On peut bien dire qu’à partir de ce temps il n’y a plus de tragédie. Les concours subsistent encore, et chaque année on couronne plusieurs fois des auteurs tragiques, ou prétendus tels, au théâtre de Bacchus ; mais les œuvres de ces poëtes n’ont plus rien de commun avec l’art d’Eschyle, de Sophocle et d’Euripide. Chérémon avait remplacé le dialogue et l’intérêt dramatique par des récitations de tirades : en voici un, bientôt après, qui supprime, dans la tragédie, et les caractères, et les sentiments, et la poésie même, et qui transforme la tragédie en un plaidoyer.
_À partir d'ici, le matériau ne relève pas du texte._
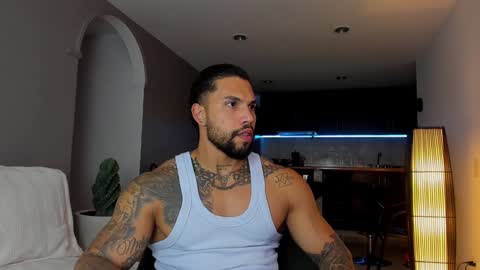 Snapshot of joe_esthetic chatting on February 4, 11:27 pm joe_esthetic online show from February 4, 11:27 pm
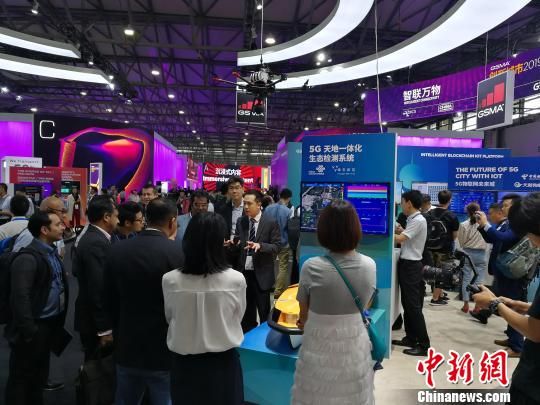 雄安新區(qū)展臺(tái)吸引不少眾多觀眾駐足關(guān)注?！∪伟厮?攝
Ses personnages sont des avocats qui soutiennent des thèses les uns contre les autres, et avec toute la science, avec toutes les subtilités des plus consommés sophistes ; et ce poëte remporte le prix au théâtre ! Il se nommait Théodecte ; il était né à Phasélis, et il florissait vers le milieu du quatrième siècle. La scène d’une de ces pièces, intitulée Lyncée, était au tribunal d’Argos. Danaüs et Égyptus étaient les deux parties adverses ; et le premier finissait par être condamné à mort, grâce au talent déployé par Lyncée dans la défense de son père.

La tragédie était donc morte, et elle ne devait pas revivre. Les pastiches tragiques des lettrés alexandrins ou des écrivains des bas siècles n’étaient pas faits pour en ressusciter même l’ombre. Mais le génie dramatique ne s’était pas éteint avec elle : il s’appliquait à d’autres sujets, et il créait la grande comédie.